Step 1:  Click on the Edit tab in Wikipedia:  That will let you see the Wiki Markup that looks like this:

* [http://www.parallemic.org/RoKiSim.html RoKiSim]: A free educational software for the 3D simulation of six-axis PUMA-type serial robots.
* [http://www.RoboAnalyzer.com RoboAnalyzer]: A free educational software to teach Robotics Concepts and Virtual Simulation (Joint Jogging and Cartesian Motion) using CAD models of Industrial Robots.

 

Step 2:  Copy and paste the wiki markup that represents the list of items and put it in NotePad++.

 

Step 3:  Identify what you are looking for and how you want to transform it.

You can see that each list item starts with a *.  The link and package name are in “[ ]”  And there is a semicolon that you want to get rid of.

 

 

Find this:

 * [http://www.parallemic.org/RoKiSim.html RoKiSim]: A free educational software for the 3D simulation of six-axis PUMA-type serial robots.

And replace it with (the extra spaces represent tabs… Tabs allow for us to put the information into different columns in Google Sheets):

 http://www.parallemic.org/RoKiSim.html    RoKiSim    A free educational software for the 3D simulation of six-axis PUMA-type serial robots.

 

Step 4: Determine the Regular Expression that you will need to search for and the replace

 

Find: \*\[(.*) (.*)\]

Replace: \1\t\2\t

 

Here is what your NotePadd++ replace dialog box should look like.  Click “Replace All”.
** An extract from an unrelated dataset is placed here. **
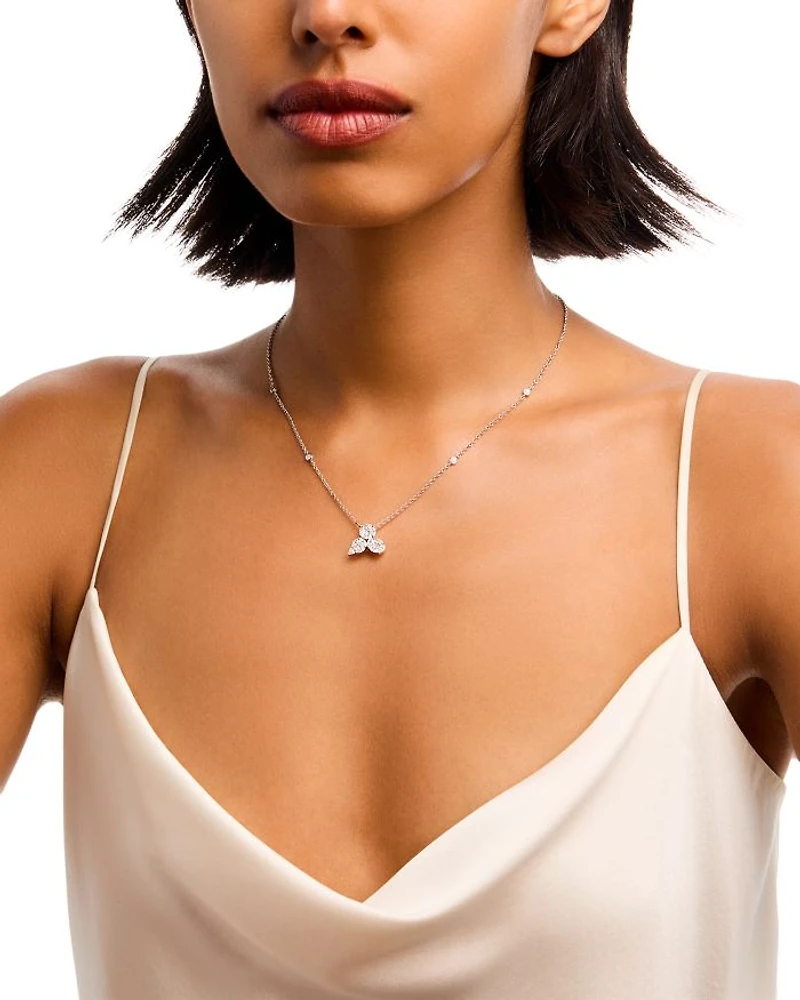18K White Gold Mosaic Diamond Trio Cluster Pendant Necklace, 16"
Screenshot 2014-11-24 10.31.30

 

Step 5:  Copy and Paste the results into Google Sheets and you will have columns containing the URL, Name, and description.  You can then move around the columns into the order you want.

 

Figuring out the regular expression is going to be the most difficult part of this process.  It is a skill that is not widely mastered, and looks mysterious.  But it would be better to spending more time to master this skill and eventually be able to quickly pull this together quickly, than to waste that time doing copy and paste.